Subsequently in 1974 an officer from the office of the president was seconded to be fully in charge of the archives. And the first Ugandan archivist, Mr. Eugene Juba Wani trained in Ghana was appointed as Government Archivist the post he held from 1974 – 2004. Wani served as the only archivist until 1990 when Government recruited three university graduates as trainee archivists, one has since passed away leaving only two at the National Archives and three others at Bank of Uganda.
The main users are researchers, historians, scholars and students studying records and archives administration, policy makers and the general public. External researchers (foreigners) make 80 per cent of the users per year. The ministry has got to publicize the importance of the National Archives to attract more of the nationals to the centre.
Elisam Magara, a senior lecturer at Makerere University’s East African School of Library and Information Science, argues that “many African countries including Uganda have preserved their natural and cultural heritage in terms of social tradition and documentary heritage with little emphasis on the integration of the functions of the libraries, archives and museum[s].”
In his research paper “The place of ‘Library, Archives and Museum’ in the Preservation of Documentary Heritage: A professional challenge for Uganda”Magara says there is lack of a strategy in he co-ordination of the functions of libraries, archives and museums in documenting and preserving the documentary heritage in Uganda.

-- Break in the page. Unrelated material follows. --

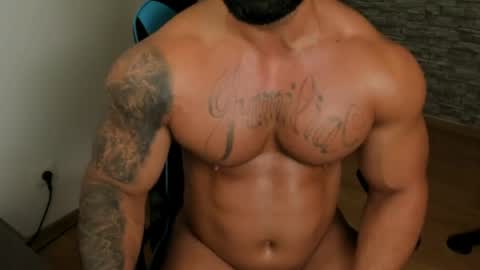 Snapshot of jaxonhunk chatting on May 25, 12:27 am JaxonHunk online show from May 25, 12:27 am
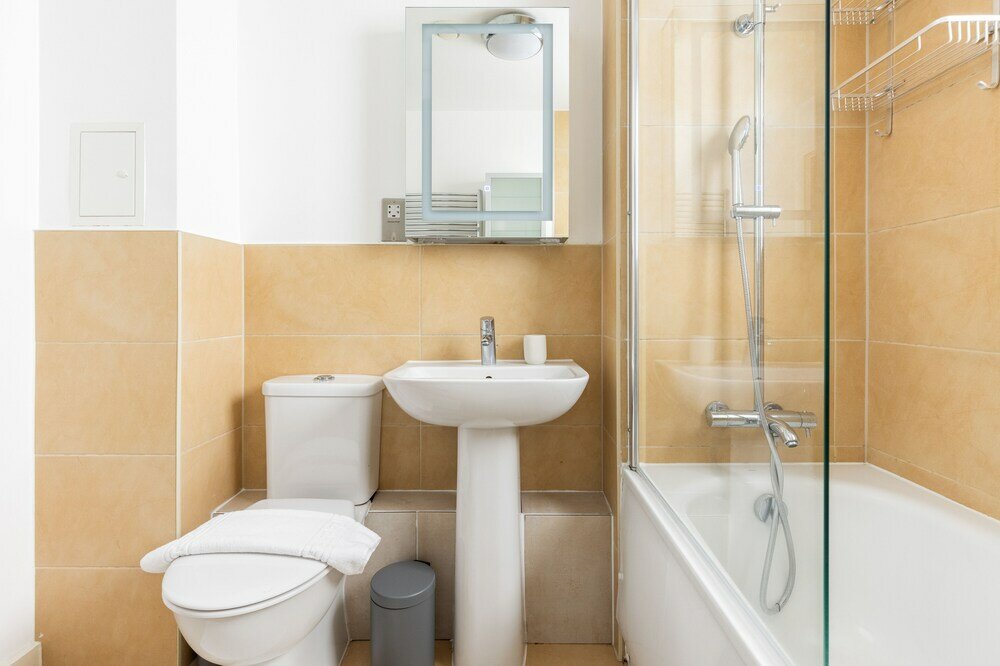 Фото The Islington Apartment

“Although various efforts have focused on preservation of natural, historical and cultural heritage, there is no central strategy to integrate the libraries, archives and museum function to effectively collect, store, preserve, co-ordinate and enable access to documentary heritage in Uganda,” Magara says.
Magara’s survey, based on interviews of key persons attending the consultative meetings with staff at the National Library of Uganda, Uganda Museum, National Archives and East African School of Library and Information Science, department of Records and Archives Management, concludes: “It remains a professional challenge to Uganda in addressing the issues of space, funding, expertise, preservation, co-ordination, government intervention, publicity and accessibility and ensuring culture of access to information.” He suggests, “That is why a strategy for training, sensitising and recruitment of professionals in a co-ordinated function is required to ensure the preservation and promotion of use of the documentary heritage in Uganda.”